Astronaut Posts the Most Surreal Photo We've Seen Yet From Outer Space

Impact

The news: International Space Station astronaut Alexander Gerst has posted his "saddest photo yet." From all the way up in the thermosphere, ISS personnel orbiting 200 miles over the Middle East can see bombs and missiles exploding in Gaza and Israel as the two sides go to war.

Well, that's some perspective for you. The conflict in Gaza is so serious that it's visible from space.

Vox's Max Fisher explains the photo, which was posted at approximately 8:47 p.m. in Gaza/Israel local time:

... north is to the right and south to the left; that dark area at the top is the Mediterranean Sea and the brightest spot, on the coast, is Tel Aviv. To the left of Tel Aviv, just 44 miles to the south, is Gaza City, the largest city in Gaza and the location of a lot of the worst fighting.

What Gerst and the ISS are watching: Fighting between Palestinians and Israelis has now passed the two-week mark and has culminated in an all-out IDF ground invasion of Gaza. Hamas and other militant groups have fired some 2,200 rockets at Israel in the current escalation, while Israel military units have been just as hard at work firing at the insurgents and their munitions stockpiles. Fighting has been taking place almost exclusively in densely populated urban areas, while Hamas resistance has been fiercer and better-coordinated than anticipated by IDF ground forces.
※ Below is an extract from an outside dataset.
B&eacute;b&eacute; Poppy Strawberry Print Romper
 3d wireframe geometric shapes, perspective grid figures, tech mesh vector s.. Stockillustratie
So far, at least more than 700 Palestinians have been caught in the middle of the fighting and died. Many international flights to and from Israel have now been halted due to concerns that planes could be fired upon amidst the fighting. The ongoing ground war in Gaza has also sent the UN into crisis mode and the brewing political fallout has barely even begun.

Right here on Earth, the picture is grim enough. But Gerst and the rest of the ISS crew aren't down here to debate who's right and who's wrong.

All they can see from space are humans busy blowing each other up and that is ultimately devastating.